From the AVMA
HOD approves veal calf housing policy, acts on range of proposals
The AVMA has adopted a policy calling for veal calf housing systems that allow animals greater freedom of movement.
At its regular session in New Orleans July 19-20, the AVMA House of Delegates overwhelmingly approved Resolution 16, which states the AVMA “supports a change in veal husbandry practices that severely restrict movement, to housing systems that allow for greater freedom of movement without compromising their health or welfare.”

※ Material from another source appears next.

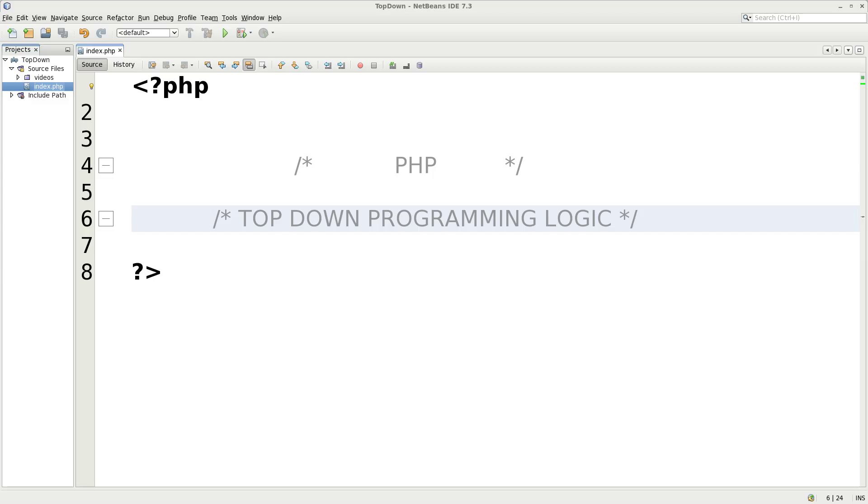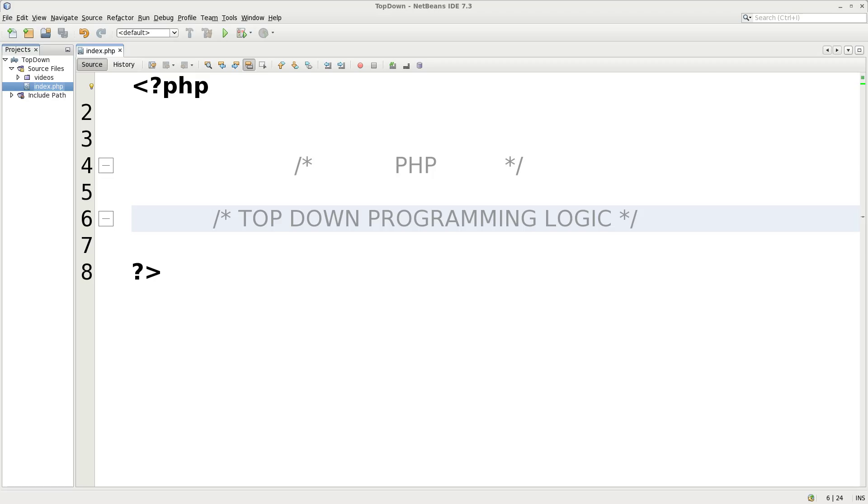We're going to be talking about programming logic here using PHP. This programming logic can be used in any programming language whatsoever, but for simplicity I'm going to use PHP. As you can see it says Top Down Programming Logic. Once you have an idea, you write down the concept of what it is that you want to do.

The House Advisory Committee submitted Resolution 16, which noted an AVMA policy adopted in 2005 recognizes that veal calf production is well-established, can be humane, and can ensure the welfare of calves. In that policy, veterinarians and veal calf producers are encouraged to cooperate to provide management and housing systems that, among other things, permit calves to stretch, stand, and lie down comfortably, the resolution stated in its background.
Resolution 14 was submitted by petition and directed the AVMA to support group housing systems rather than individual calf crates. Delegates referred the measure to the Animal Welfare Committee, which is conducting a review of the scientific literature concerning veal calf housing systems.
Delegates voted down two resolutions related to veterinary students submitted by the California VMA. Resolution 1 would have eliminated the AVMA vice presidency. The vice president is one of the Association's liaisons to the Student AVMA and student chapters and is a voting member of the Executive Board. Delegates also disapproved Resolution 5, which would have created a Student Affairs Division within the AVMA. It should be noted that within the AVMA Membership and Field Services Division is a student affairs department through which visits and presentations by the AVMA vice president or senior division staff to students at all veterinary schools and colleges with representation in the SAVMA House of Delegates are coordinated to occur at least annually.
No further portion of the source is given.